> **DATA SEGMENT**

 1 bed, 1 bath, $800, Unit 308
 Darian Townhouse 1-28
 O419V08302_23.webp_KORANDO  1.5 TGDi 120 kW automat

> **TASK ITEM**
Each line must be set down again exactly as above, with no line omitted.

> **SOLUTION TO THIS PROBLEM**
 1 bed, 1 bath, $800, Unit 308
 Darian Townhouse 1-28
 O419V08302_23.webp_KORANDO  1.5 TGDi 120 kW automat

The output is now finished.